▸ **Exercise brief**
Pictures are not part of the copy; reproduce the remaining data exactly.

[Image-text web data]
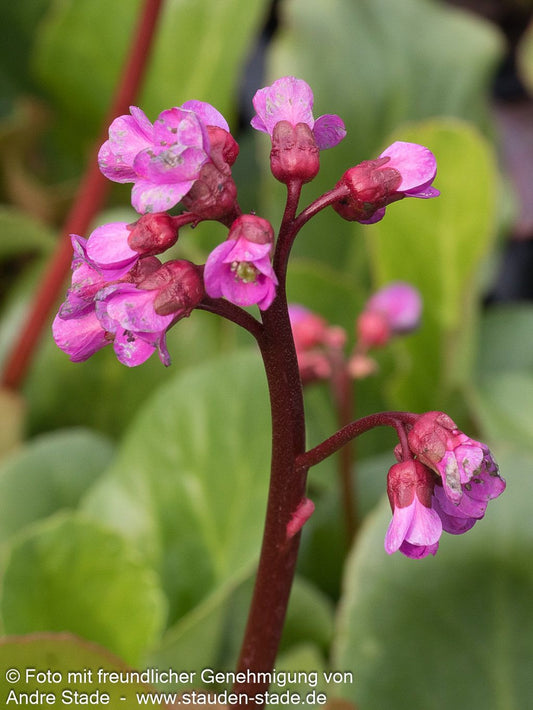 Bergenie 'Winterglut' (Bergenia cordifolia)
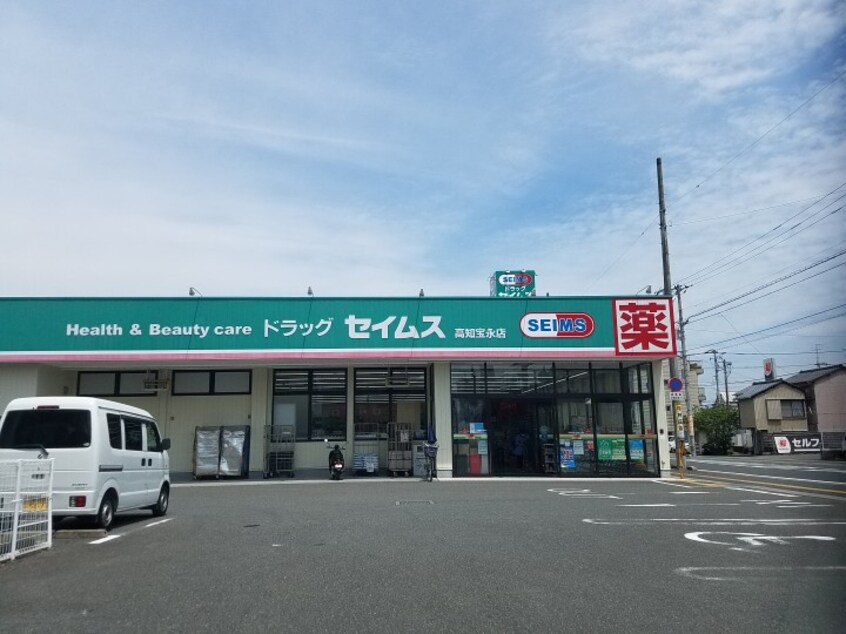 ドラッグセイムス高知宝永店(ドラッグストア)まで175m 高知市電ごめん線・伊野線/知寄町一丁目駅 徒歩6分 2階 築35年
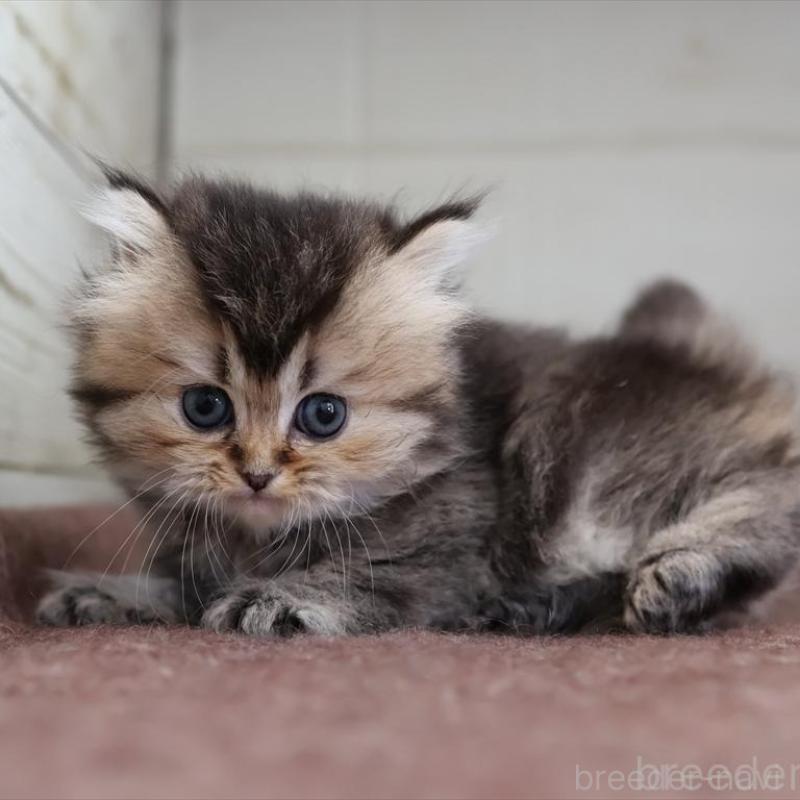 販売中の愛知県のブリティッシュロングヘア-136688の8枚目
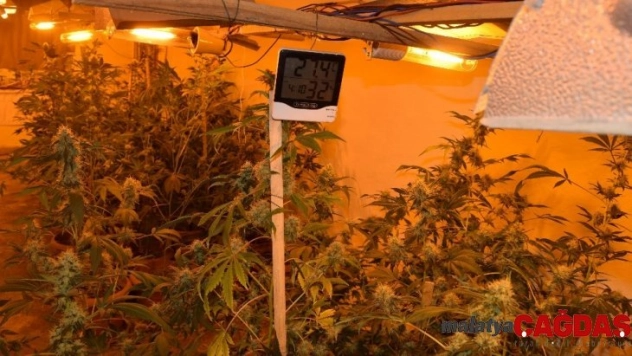 Kırıkkale'de saksıda Hint keneviri ele geçirildi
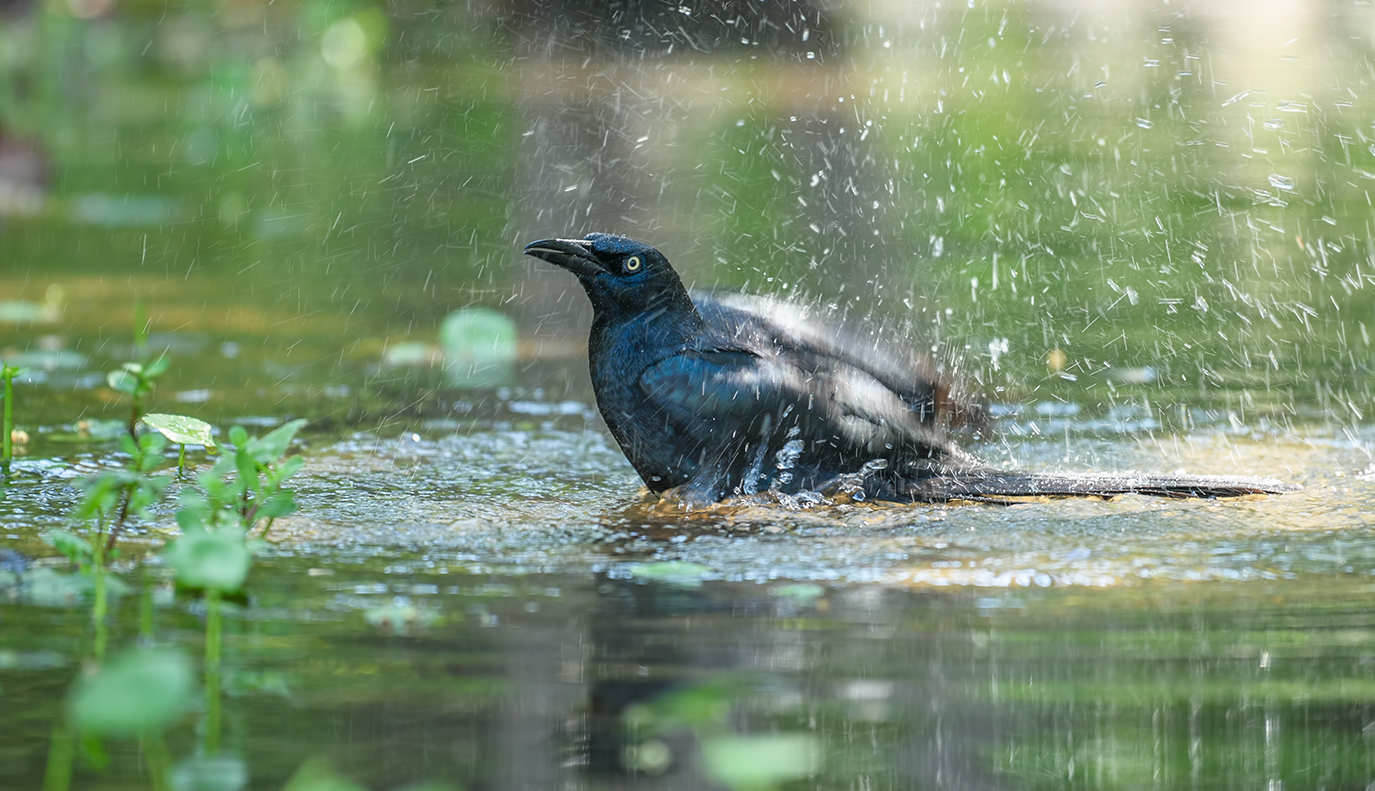 Nicaraguan Grackle (Quiscalus nicaraguensis)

▸ **Answer to this exercise**
 Bergenie 'Winterglut' (Bergenia cordifolia)
 ドラッグセイムス高知宝永店(ドラッグストア)まで175m 高知市電ごめん線・伊野線/知寄町一丁目駅 徒歩6分 2階 築35年
 販売中の愛知県のブリティッシュロングヘア-136688の8枚目
 Kırıkkale'de saksıda Hint keneviri ele geçirildi
 Nicaraguan Grackle (Quiscalus nicaraguensis)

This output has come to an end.